### What you are asked to do
Quote all lines below exactly. Images stay out.

### Data extract

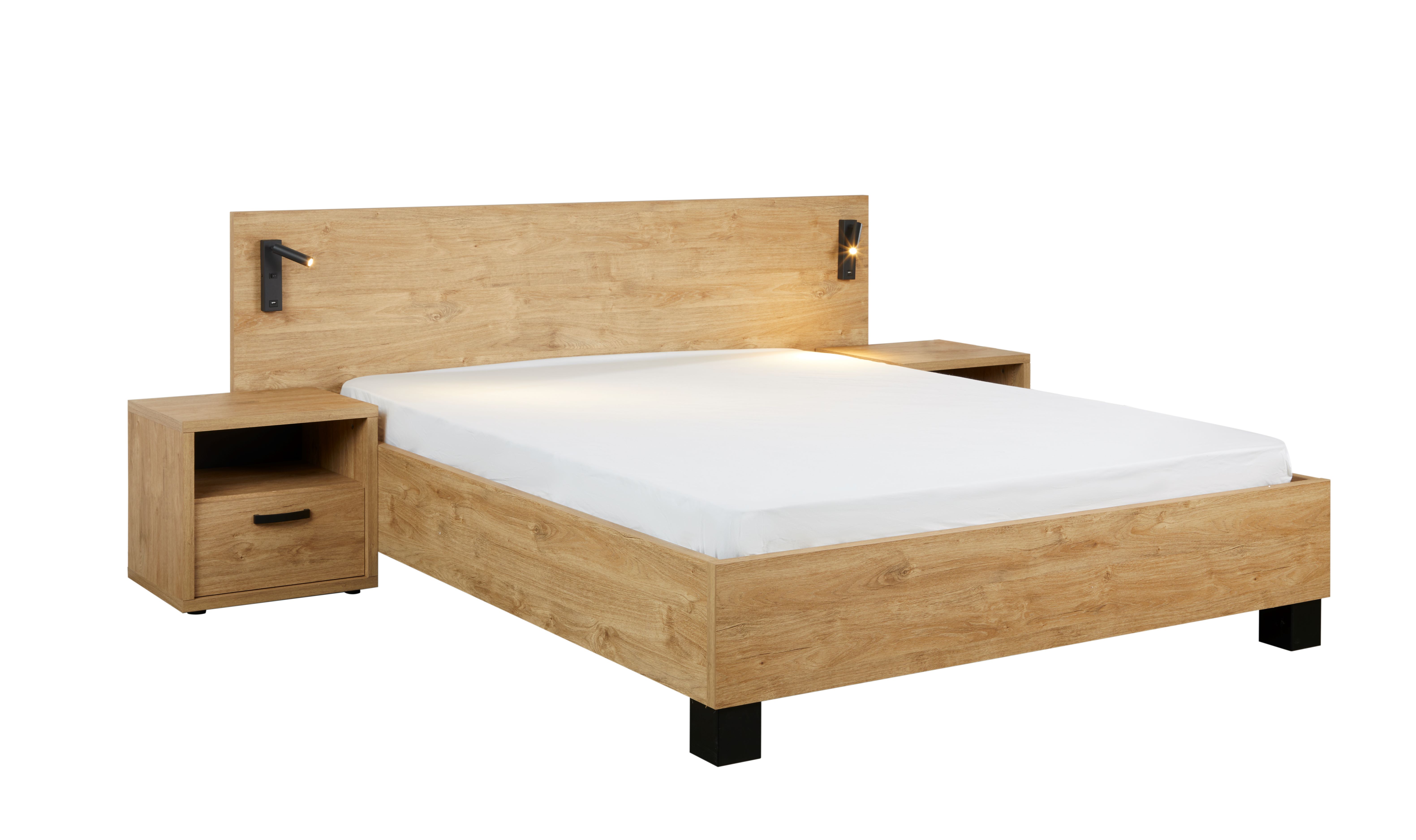 Bed Clara 160x200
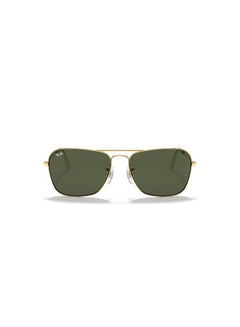 Ray-Ban Men's Full Rimmed Pilot Sunglasses 0RB3136 58 001  - Image 2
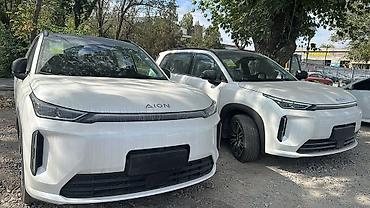 Электромобиль Aion (кроссовер, 5‑дверный) - Кузов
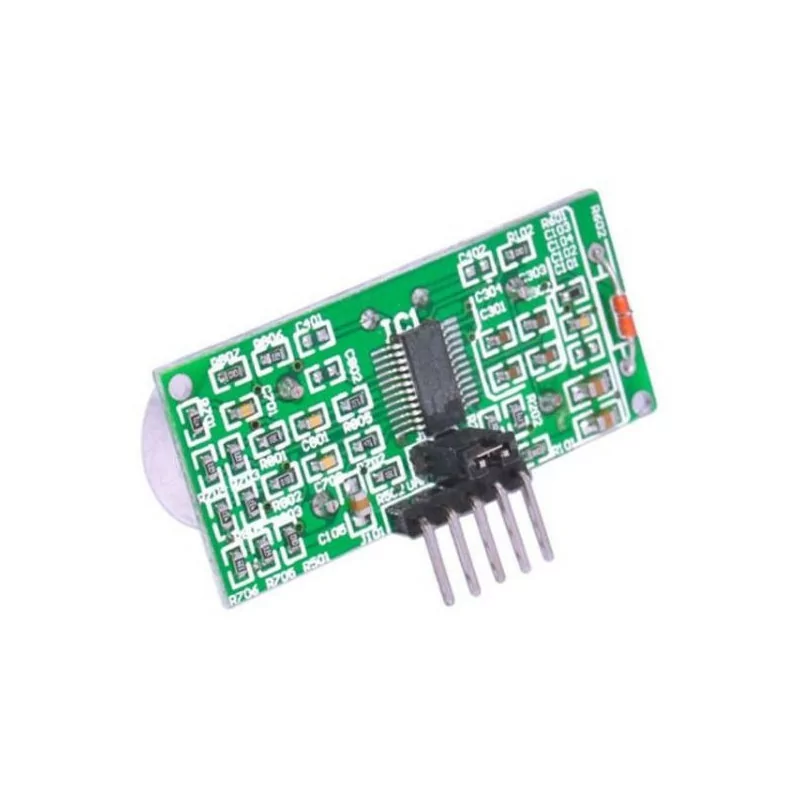 US-100 Ultrasonic Sensor With Temperature Compensation Range Up to 1MM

### Problem solution
 Bed Clara 160x200
 Ray-Ban Men's Full Rimmed Pilot Sunglasses 0RB3136 58 001  - Image 2
 Электромобиль Aion (кроссовер, 5‑дверный) - Кузов
 US-100 Ultrasonic Sensor With Temperature Compensation Range Up to 1MM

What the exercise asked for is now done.